2)      Belajar harus dapat menimbulkan reinforcement dan motivasi yang kuat pada siswa untuk mencapai tujuan instruksional.
3)      Belajar perlu lingkungan yang menantang dimana anak dapat mengembangkan kemampuannya bereksplorasi dan belajar dengan efektif.
4)      Belajar perlu ada interaksi siswa dengan lingkungannya.
b.      Sesuai hakikat belajar
1)      Belajar itu proses kontinu, maka harus dilaksanakan melalui tahap demi tahap menurut perkembangannya.
2)      Belajar adalah proses organisasi, adaptasi, eksplorasi dan discovery.
3)      Belajar adalah proses kontinguitas (hubungan antara pengertian yang satu dengan pengertian yang lain) sehingga mendapatkan pengertian yang diharapkan. Stimulus yang diberikan menimbulkan respons yang diharapkan.

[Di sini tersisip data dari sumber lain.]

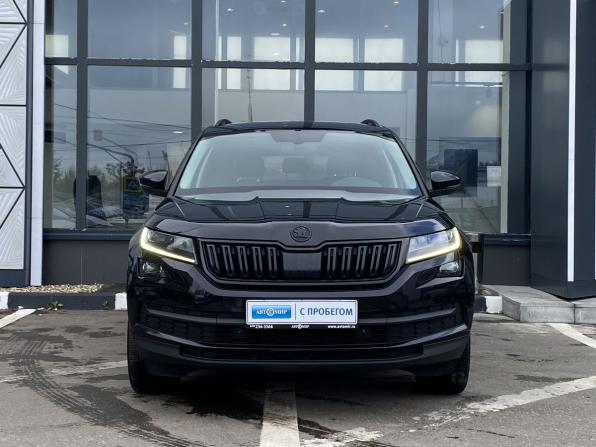 Skoda Kodiaq I с пробегом 2019 года, цена 2 579 000 рублей, 107210 км, внедорожник, Автокод Объявления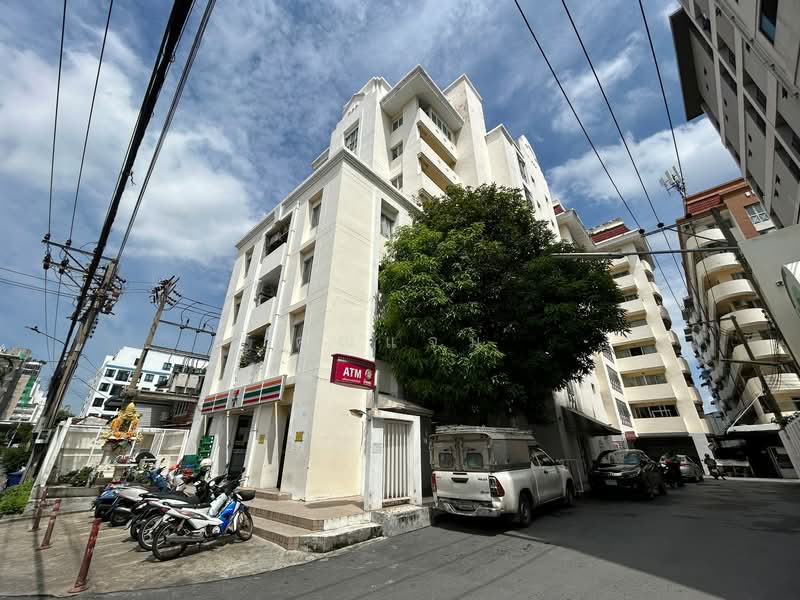 Family Park Condominium : แฟมมิลี่ พาร์ค คอนโดมิเนียม, กรุงเทพ, 48 ซอยลาดพร้าว 48 แยก 3 ถนนลาดพร้าว, สามเสนนอก, ห้วยขวาง, กรุงเทพ, 28 ตร.ม., คอนโด ขาย, โดย คุณแจม, 500331527 - DDproperty.com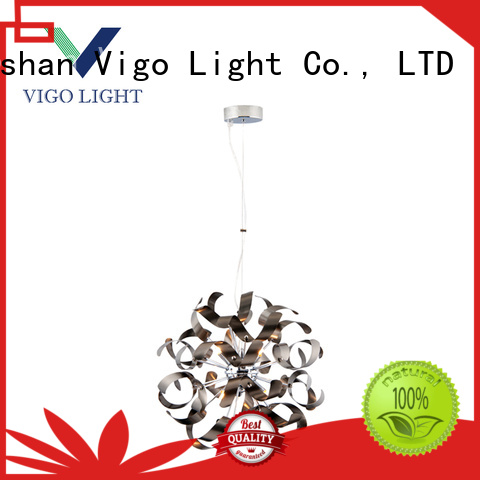 half pendant lamp for living room Vigo Lighting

c.       Sesuai materi atau bahan yang harus dipelajari
1)      Belajar bersifat keseluruhan danmateri itu harus memiliki struktur, penyajian yang sederhana, sehingga siswa mudah menangkap pengertiannya.

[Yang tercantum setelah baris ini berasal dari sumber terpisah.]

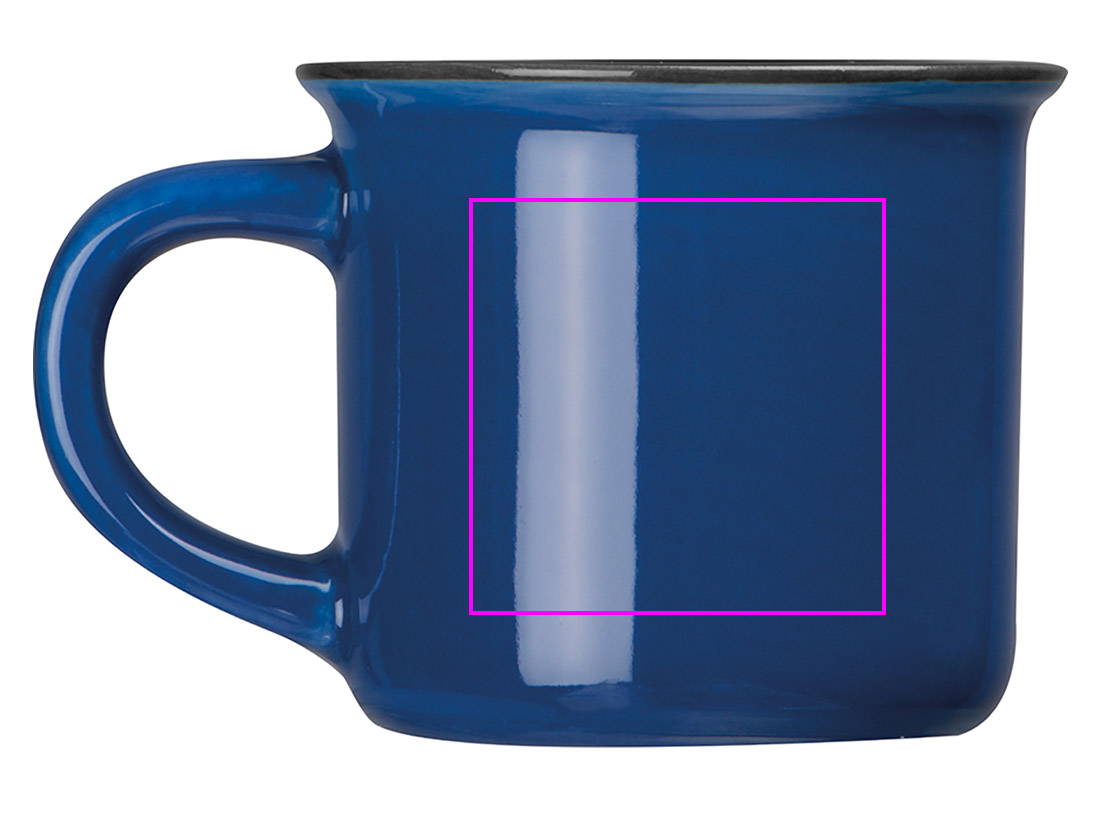 Kubek ceramiczny 60 ml TILL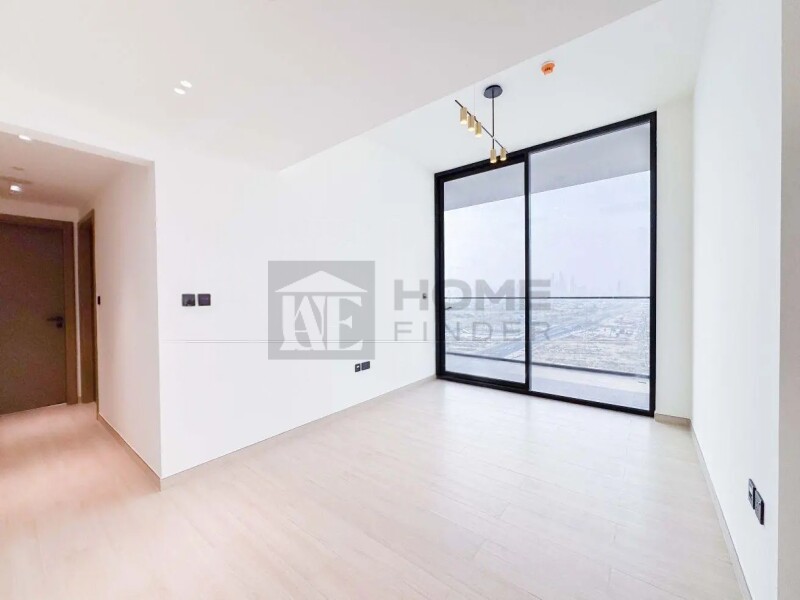 Apartment for Sale in Binghatti Corner - Jumeirah Village Circle, Dubai - Lowest Price | High Floor | Closest to Al Khail at 1440000 AED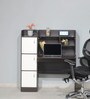 Genius Study Table in Wenge & Pine Finish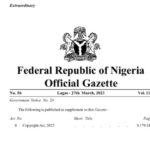 DOWNLOAD THE GAZETTED COPYRIGHT ACT 2023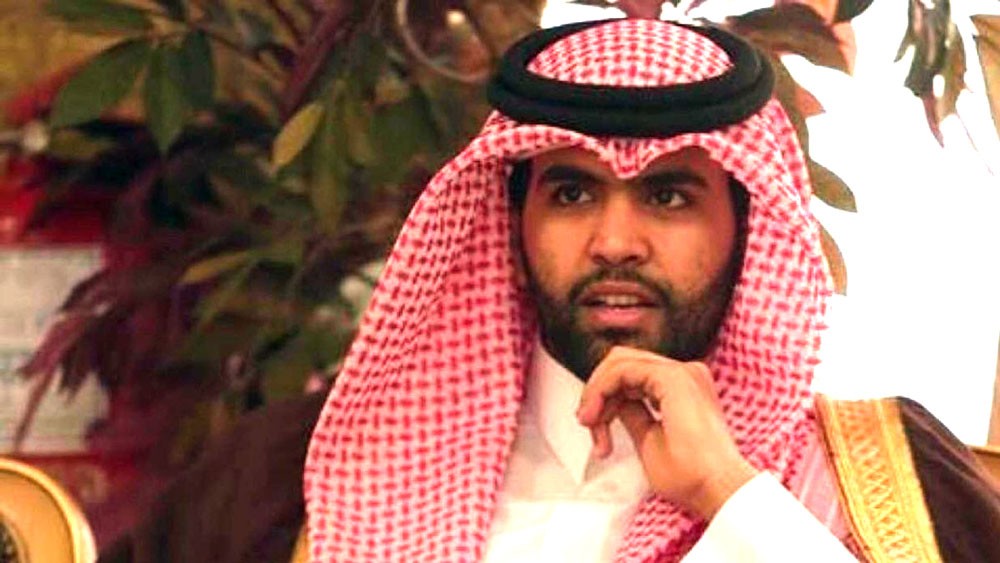 سلطان بن سحيم: طعنتم القدس برفع علم إسرائيل في الدوحة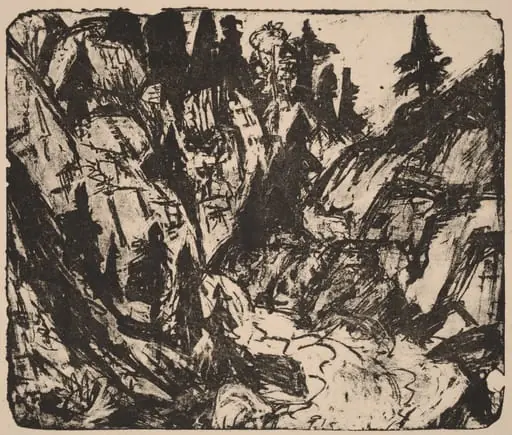 Rocky Stream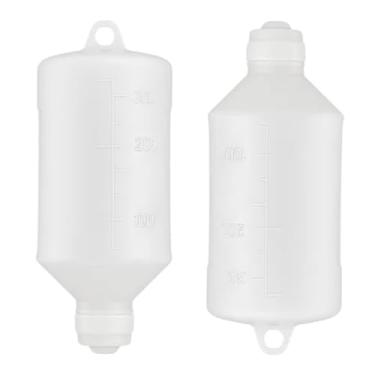 Imagem de Frascos Dieta Nutrição Alimentação Enteral 300ml - Kit C/ 30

2)      Belajar harus dapat mengembangkan kemapuan tertentu sesuai dengan tujuan instruksional yang harus dicapainya.
d.      Syarat keberhasilan belajar
1)      Belajar memerlukan sarana yang cukup, sehingga siswa dapat belajar dengan tenang.
2)      Repetisi, dalam  proses belajar perlu ulangan berkali-kali agar pengertian, keterampilan, dan sikap  itu mendalam  pada siswa.
3.    Pengertian Mengajar
Mengajar adalah membantu (mencoba membantu) seseorang untuk mempelajari sesuatu dan apa yang dibutuhkan dalam belajar itu tidak ada kontribusinya terhadap pendidikan orang yang belajar. Artinya mengajar pada hakekatnya suatu proses, yakni proses mengatur, mengorganisasi lingkungan yang ada di sekitar siswa sehingga menumbuhkan dan mendorong siswa untuk belajar. Menurut Alvin W. Howard dalam Slamet (2005:32) mengajar adalah suatu aktivitas untuk mencoba menolong, membimbing seseorang untuk mendapat, mengubah atau mengembangkan skill, attitude, ideals (cita-cita), appreciations (penghargaan) dan knowledge.

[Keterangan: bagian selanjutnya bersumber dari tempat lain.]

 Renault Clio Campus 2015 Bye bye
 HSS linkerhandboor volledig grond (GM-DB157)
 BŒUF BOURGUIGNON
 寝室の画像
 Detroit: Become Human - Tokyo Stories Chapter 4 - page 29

Dengan demikian, dalam pengertian tersebut guru sebagai pengajar harus berusaha membawa perubahan tingkah laku yang baik atau berkecenderungan langsung untuk mengubah tingkah laku siswanya. Itu suatu bukti bahwa guru harus memutuskan membuat atau merumuskan tujuan. Juga harus memikirkan bagaimana bentuk/cara penyajian dalam proses belajar mengajar itu, salah satunya dibuktikan dengan pembuatan silabus dan perencanaan pembelajaran. Serta bagaimana usaha-usaha guru untuk menciptakan suasana belajar yang kondusif (misalnya dengan penggunaan variasi metode, media dan evaluasi dalam KBM). Sehingga memungkinkan terjadinya interaksi edukatif sebagai dampak dari mengajar yang efektif yang telah memenuhi syarat-syaratnya sebagai berikut:
a.       Belajar secara aktif, baik mental maupaun fisik. Dalam belajar, disamping mengalami aktivitas mental, sperti dapat mengembangkan kemampuan intelektualnya, kemampuan berfikir  kritis, kemamupan menganalisis, kemampuan mengucapkan pengetahuannya dan lain sebagainya, siswa juga harus mengalami aktivitas jasmani seperti mengerjakan sesuatu, membuat peta dan lain-lain.
b.      Guru harus mempergunakan variasi metode pada waktu mengajar. Supaya pelajaran lebih menarik, mudah diterima, kelas menjadi hidup dan tidak membosankan.
c.       Motivasi, sangat berperan pada kemajuan perkembangan siswa, karena dapat meningkatkan semangat belajar siswa.
d.      Kurikulum yang baik dan seimbang. Ialah kurikulum yang memenuhi tuntutan masyarakat. Dimana kurikulum tersebut harus mampu mengembangkan segala segi kepribadian siswa juga kebutuhan siswa sebagai anggota masyarakat.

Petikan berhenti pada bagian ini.